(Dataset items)
╭──
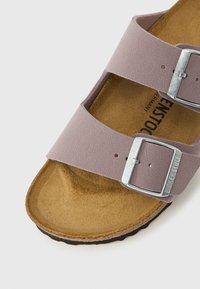 Lila növényi alapú bőrből készült szandál, két állítható pánttal ezüst fém csatokkal és párnázott parafa talpbéléssel. Gumi talp.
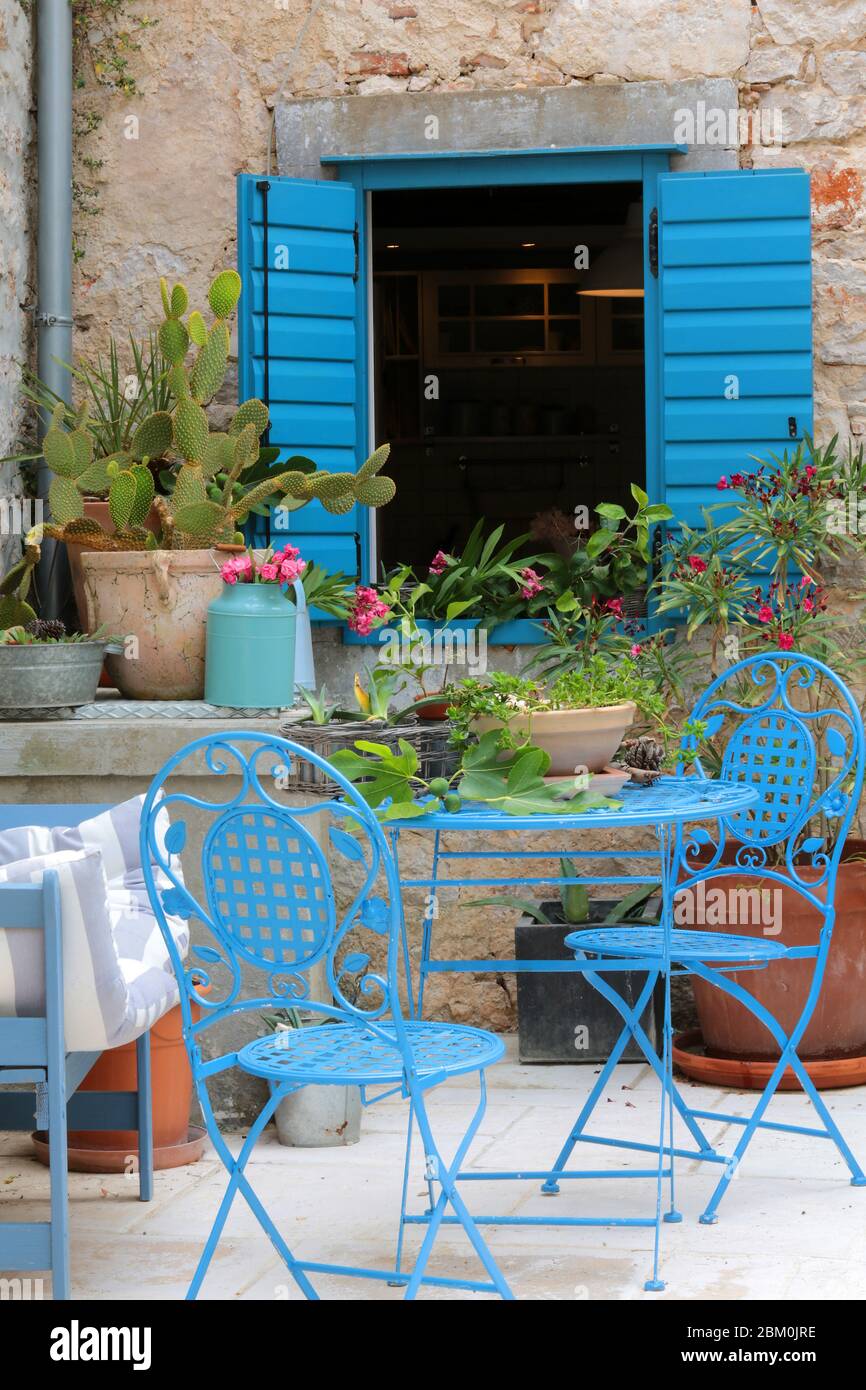 Une maison en pierre avec une fenêtre ouverte bleue et des chaises en face Banque D'Images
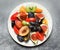 Sliced plums, figs, yellow and red tomatoes, kiwis, grapes on a white porcelain plate, top view.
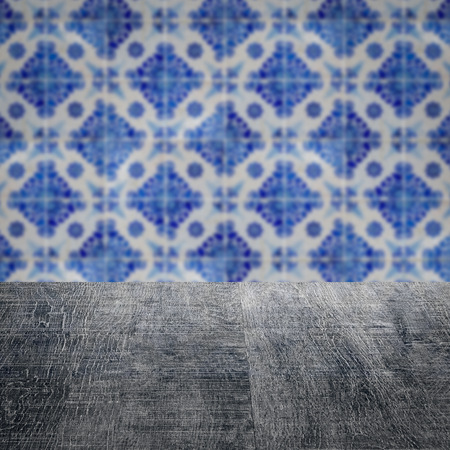 Empty wood table top and blur vintage ceramic tile pattern wall in background, Mock up template for...
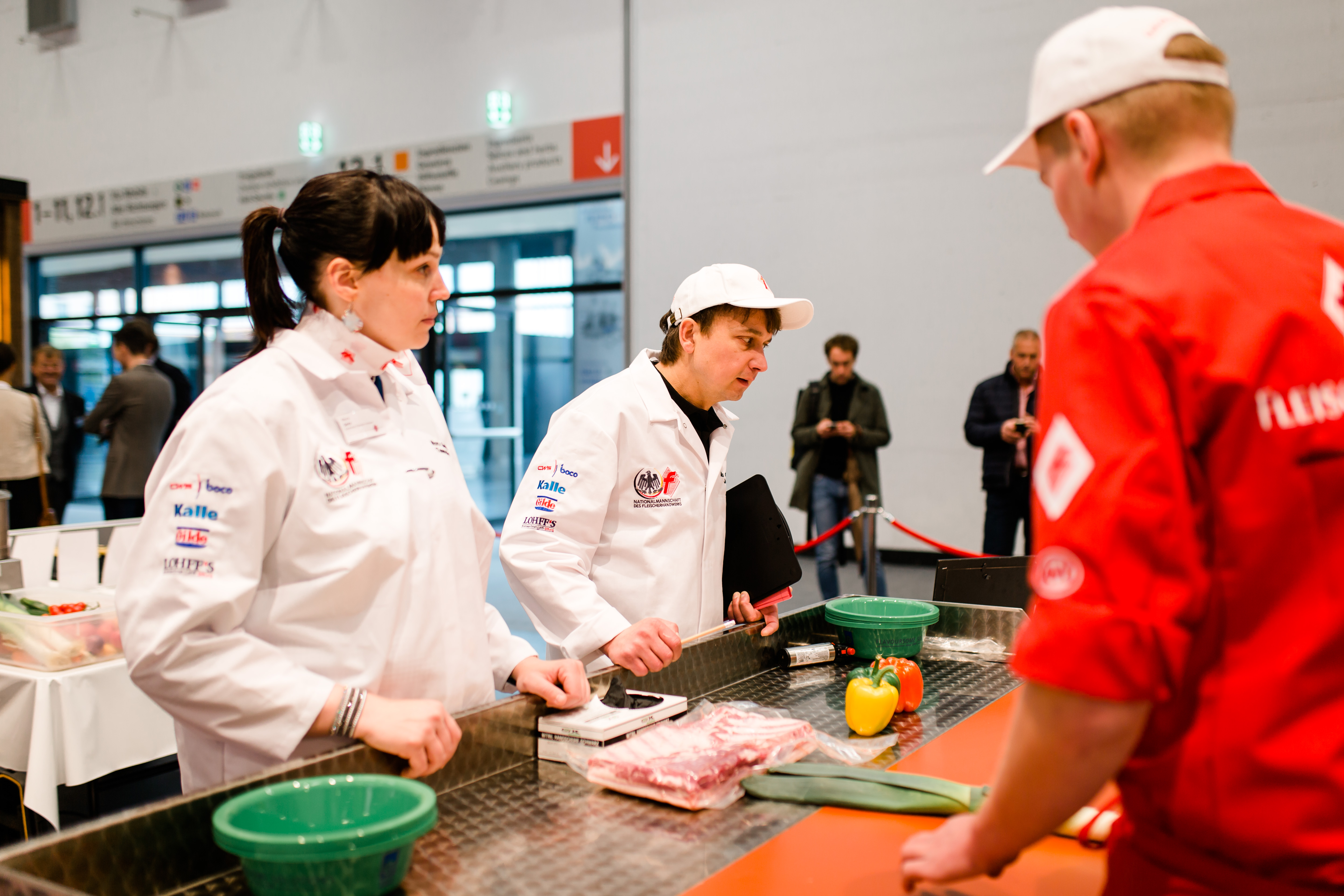 Chef-Trainer Max Gruber (Mitte) und Team-Chefin Nora Seitz prüfen beim internationalen Leistungswettbewerb der Fleischerjugend in Frankfurt kritisch die Arbeit eines deutschen Teilnehmers. Foto: © Deutscher Fleischer-Verband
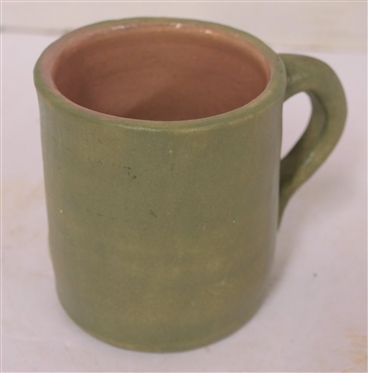 1951 Pisgah Forest Cameo Mug with Woman at Spinning Wheel - Green Glazed Body Pink Glazed Interior - Mug is 3 1/2 Tall - Stamped 1951 Pisgah Forest on Bottom 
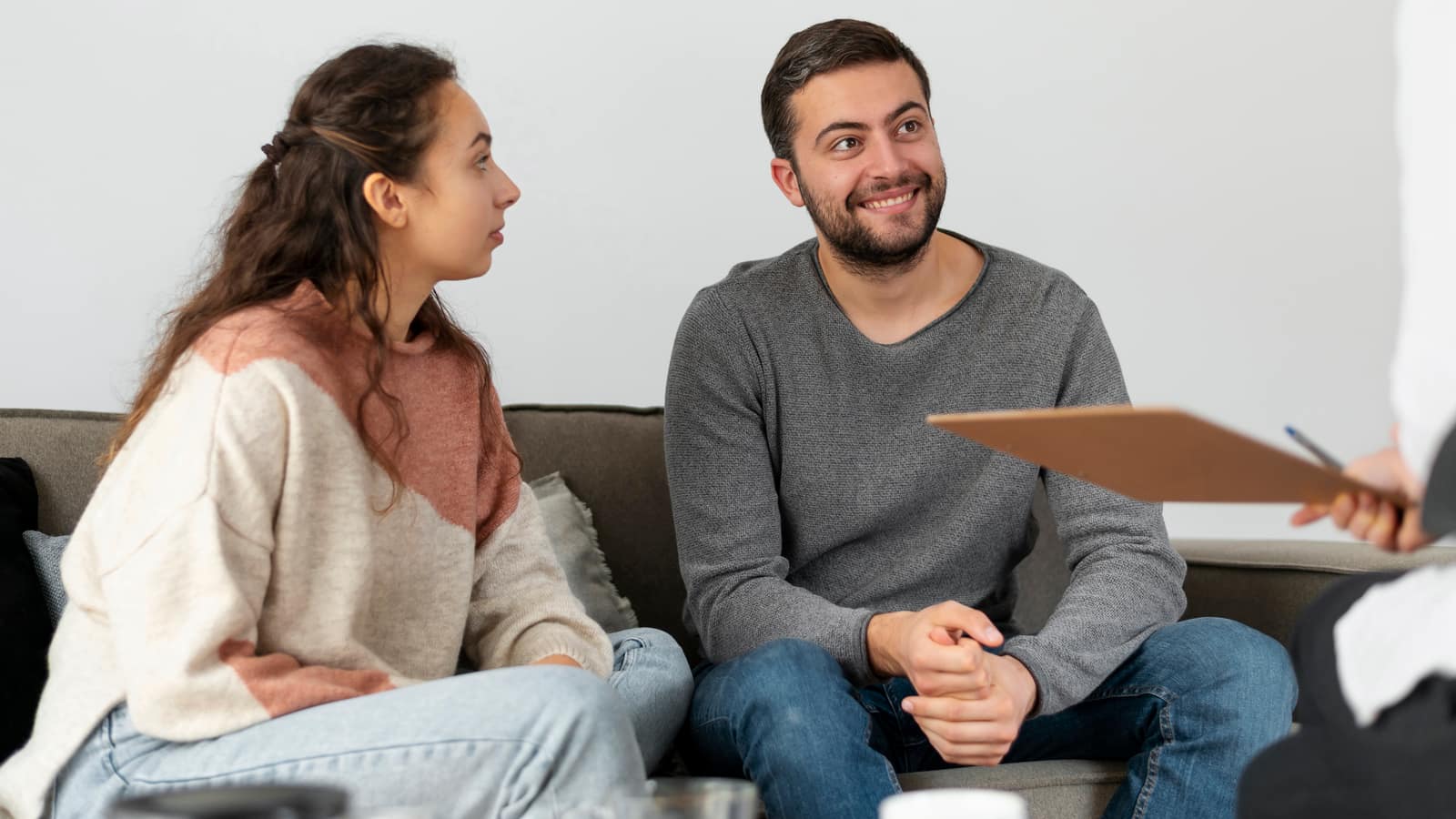 A young couple sitting together on a sofa in a therapy session, turning toward a therapist holding a clipboard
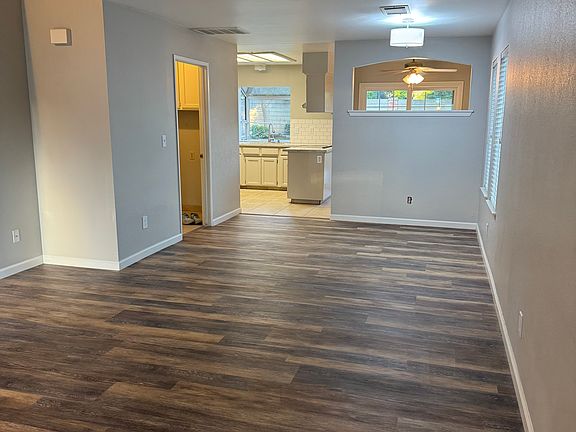 Living Room showing entry into the laundry room and the 1/2 bath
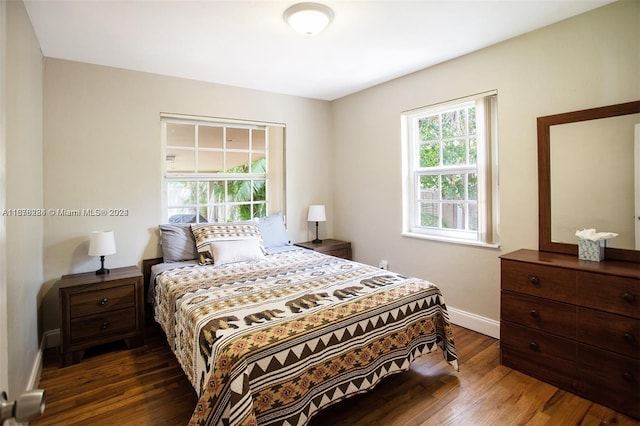 bedroom featuring wood finished floors and baseboards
╰──
● What you have to do:
In the data above, find the line with "Sliced plums, figs, yellow" and the line with "Chef-Trainer Max Gruber". Please copy exactly those two lines and every line between them, but not the pictures.

● Written reply:
 Sliced plums, figs, yellow and red tomatoes, kiwis, grapes on a white porcelain plate, top view.
 Empty wood table top and blur vintage ceramic tile pattern wall in background, Mock up template for...
 Chef-Trainer Max Gruber (Mitte) und Team-Chefin Nora Seitz prüfen beim internationalen Leistungswettbewerb der Fleischerjugend in Frankfurt kritisch die Arbeit eines deutschen Teilnehmers. Foto: © Deutscher Fleischer-Verband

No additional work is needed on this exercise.